▶ YOUR TASK
Word for word, copy out every line of the records, omitting each picture.

▶ SOURCE MATERIAL
- - - -
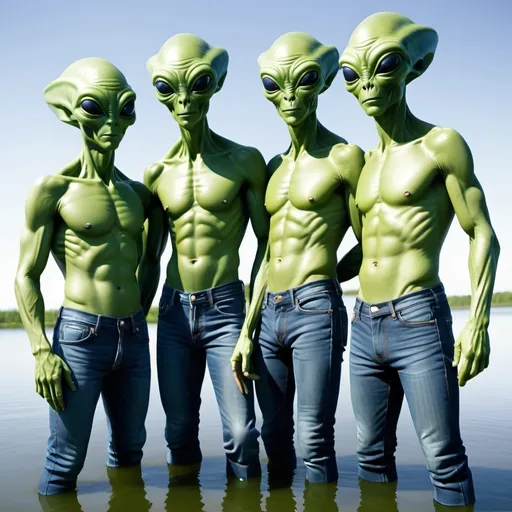 Prompt: entirely green male aliens in jeans fishing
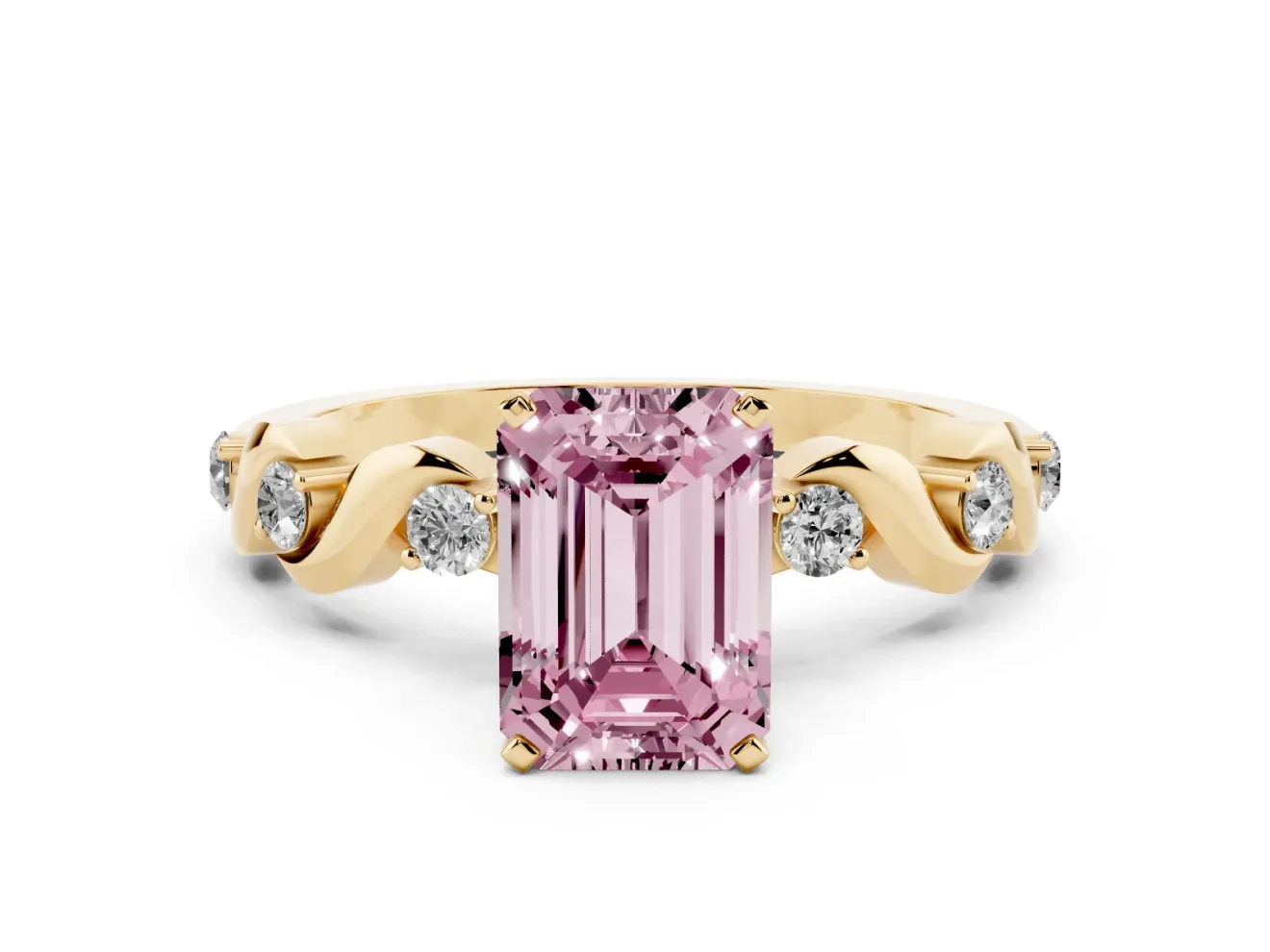 Fancy Pink Emerald Cut Diamond Solitaire Ring Set in Yellow gold with Ribbon Twist Band, Round Accents and Prong Setting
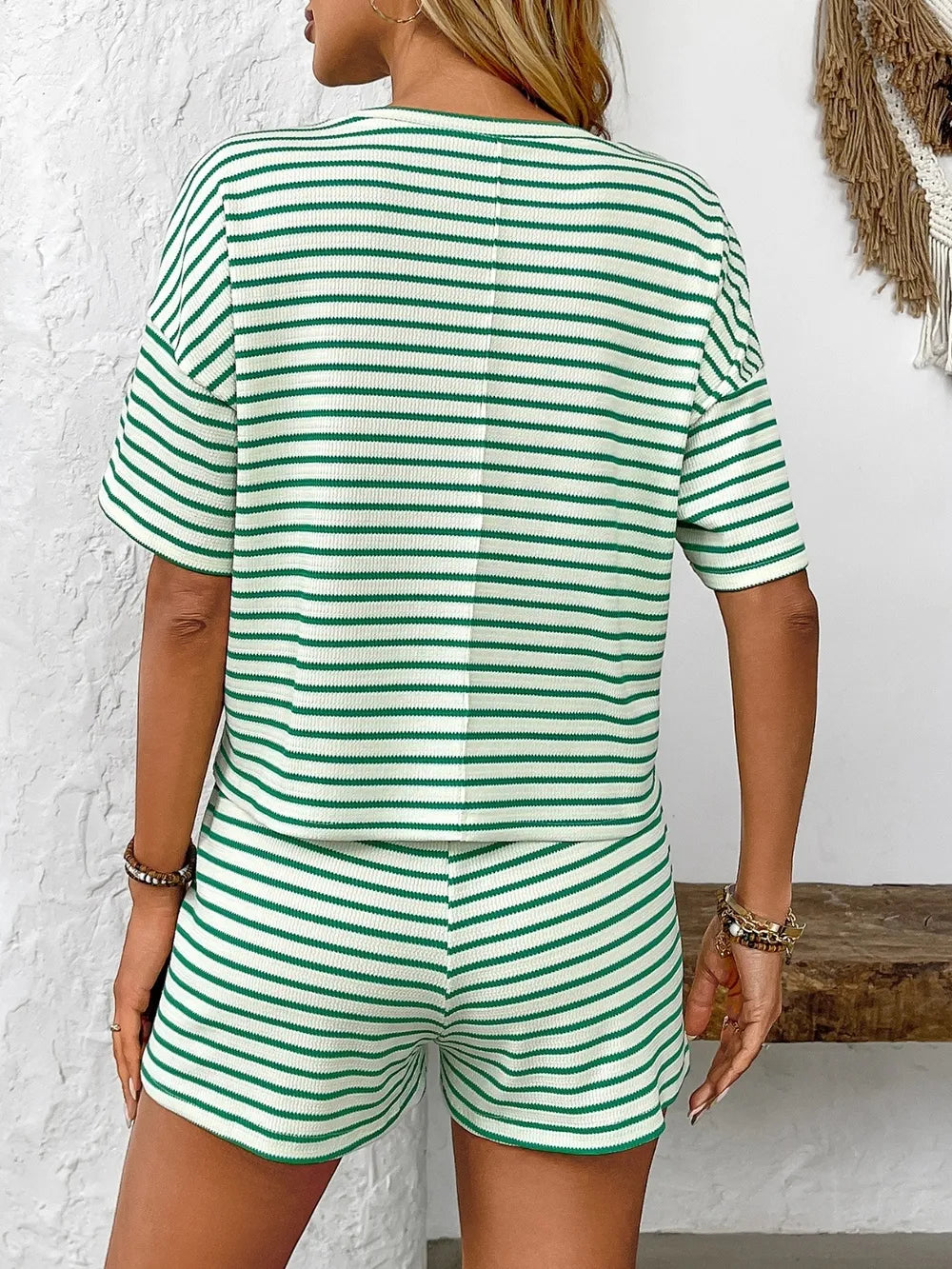 Striped Round Neck Short Sleeve Top and Shorts Set - Fashorio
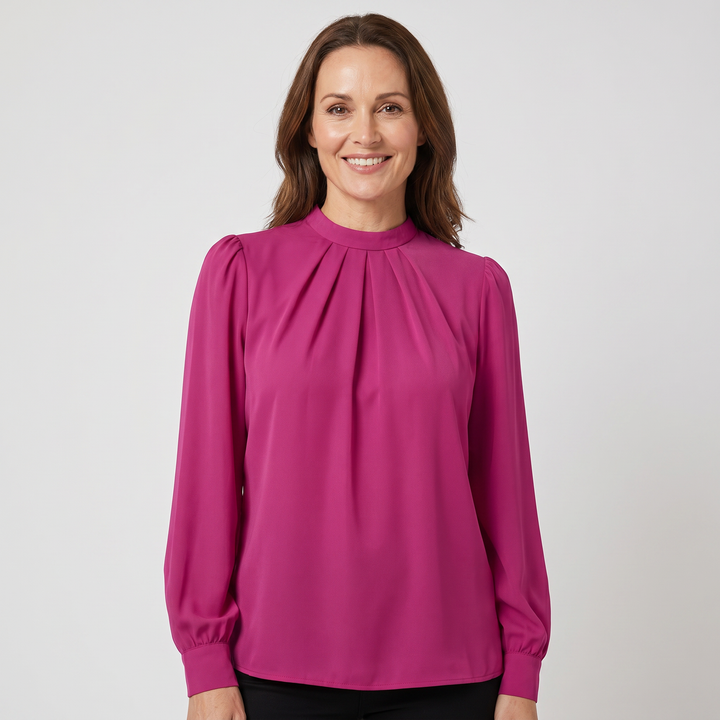 Amelia | Blouse with Round Neckline and Puff Sleeves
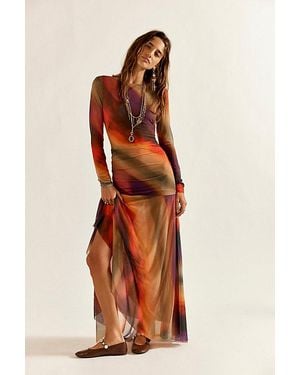 Free People Sunnei Mesh Maxi Dress - Brown
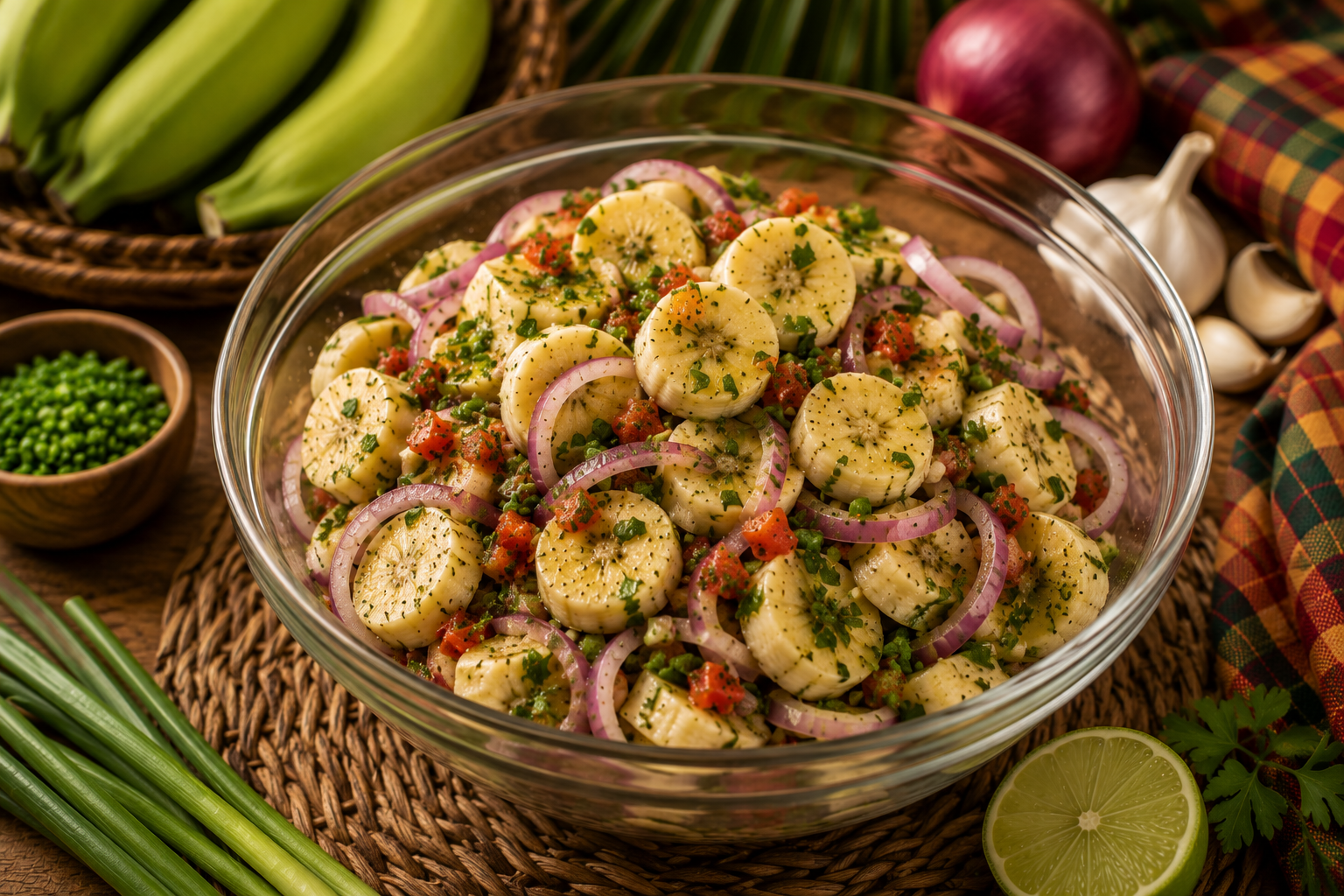 Préparation de la vinaigrette créole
- - - -
▶ EXERCISE ANSWER
 Prompt: entirely green male aliens in jeans fishing
 Fancy Pink Emerald Cut Diamond Solitaire Ring Set in Yellow gold with Ribbon Twist Band, Round Accents and Prong Setting
 Striped Round Neck Short Sleeve Top and Shorts Set - Fashorio
 Amelia | Blouse with Round Neckline and Puff Sleeves
 Free People Sunnei Mesh Maxi Dress - Brown
 Préparation de la vinaigrette créole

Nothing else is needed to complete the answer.